Fig. 4.. Undecalcified histology identifies osteoid accumulation in the malleus and signs of mild endolymphatic hydrops in the cochlea in Hyp mice.

(A) Representative histological images of toluidine blue stained orbicular apophysis of the malleus of 24-week-old Hyp and WT mice (upper panel) and von Kossa-van Gieson staining (lower panel). (B) Evaluation of bone volume fraction (BV/TV; upper panel), osteoid volume per bone volume (OV/BV; lower panel) in Hyp mice compared to WT. (C) Representative cochlear cross-sections from 6-week-old male WT (left panel) and Hyp mice (right panel) in hematoxylin and eosin (H&E) staining. The otic capsule in Hyp mice shows osteoidosis (green arrows) and a bulging Reissner’s membrane (RM, red arrow). (D) Endolymphatic hydrops (ELH) in the basal turn classified into the severity grades ⁽²³⁾. ELH was not observed in WT animals whereas grade 1 ELH was detected in five out of seven analyzed Hyp animals. **p<0.01 (two-tailed unpaired t-test and Mann-Whitney-U-test).

Fig. 5.. Postnatal development of the ossicles in WT mice.

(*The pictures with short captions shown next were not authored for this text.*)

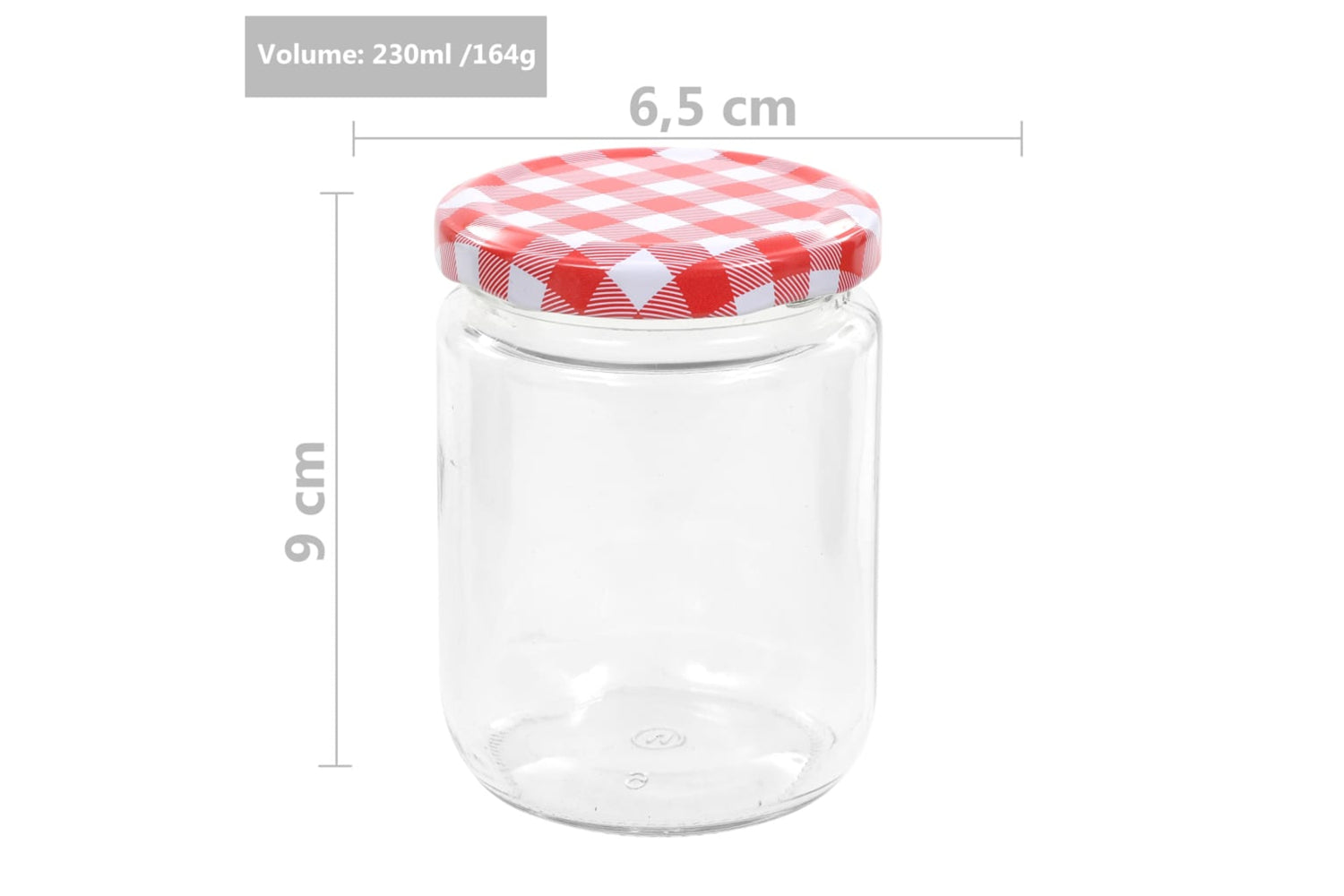 Vidaxl 50799 Glass Jam Jars With White And Red Lid 96 Pcs 230 Ml-6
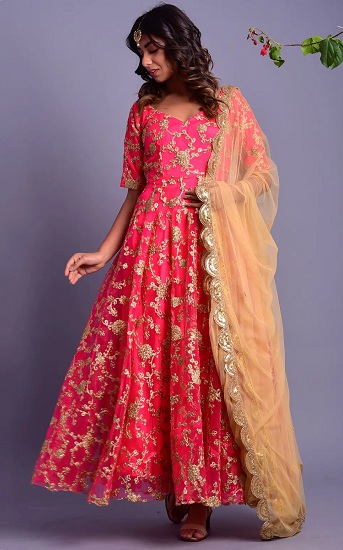 Übergröße Pink Bedruckt Indisch Anarkali Kurta Bedruckt Kurti Designer Y2 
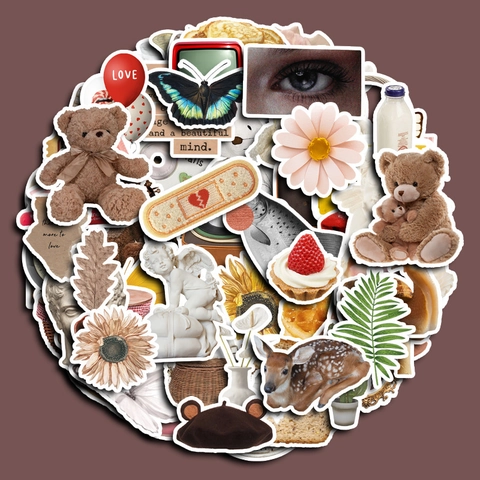 Vintage Bear David Statue London Milk Tea Theme Scrapbook Stickers For Journaling DIY Decorative Art Decals Retro Stationery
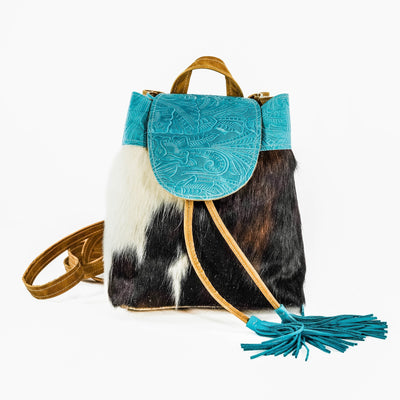 004 Mini Kelsea Backpack - Triocolor w/ Turquoise Denver Tool-Mini Kelsea Backpack-Western-Cowhide-Bags-Handmade-Products-Gifts-Dancing Cactus Designs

(A) qBEI images of the orbicular apophysis of the malleus at selected timepoints. (B, C) Quantification of the osseous porosity, CaMean and CaPeak. (D, E) Analysis of the number of osteocyte lacunae per bone (N.Ot.Lc/B.Ar) and the mean osteocyte lacunar area (Lc.Ar). (F) Quantification of the vascular area per bone area (Vasc.Ar/B.Ar). (G, H) Histological images (von Kossa-van Gieson and toluidine blue staining) of the malleus at the age of 3 weeks and 24 weeks indicating the reduction of porosity with age in WT mice. *p<0.05, **p<0.01, ***p<0.001, ****p<0.0001 (two-tailed paired t-test).